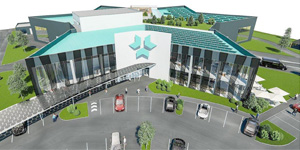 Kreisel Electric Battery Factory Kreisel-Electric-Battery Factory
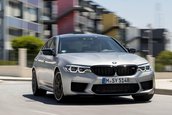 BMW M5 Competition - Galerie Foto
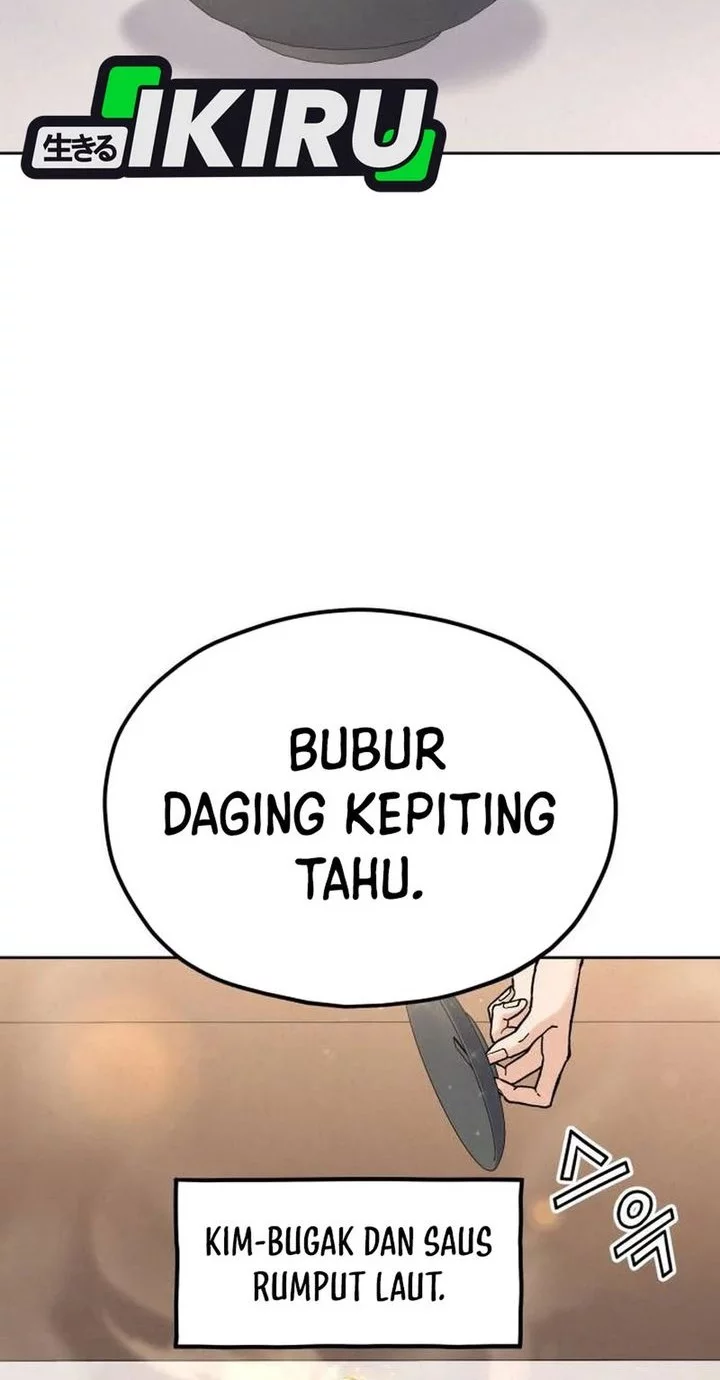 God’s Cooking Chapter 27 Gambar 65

:: Work to be completed ::
The data needs to be reproduced exactly, please, apart from its pictures.

:: Output for this exercise ::
 Kreisel Electric Battery Factory Kreisel-Electric-Battery Factory
 BMW M5 Competition - Galerie Foto
 God’s Cooking Chapter 27 Gambar 65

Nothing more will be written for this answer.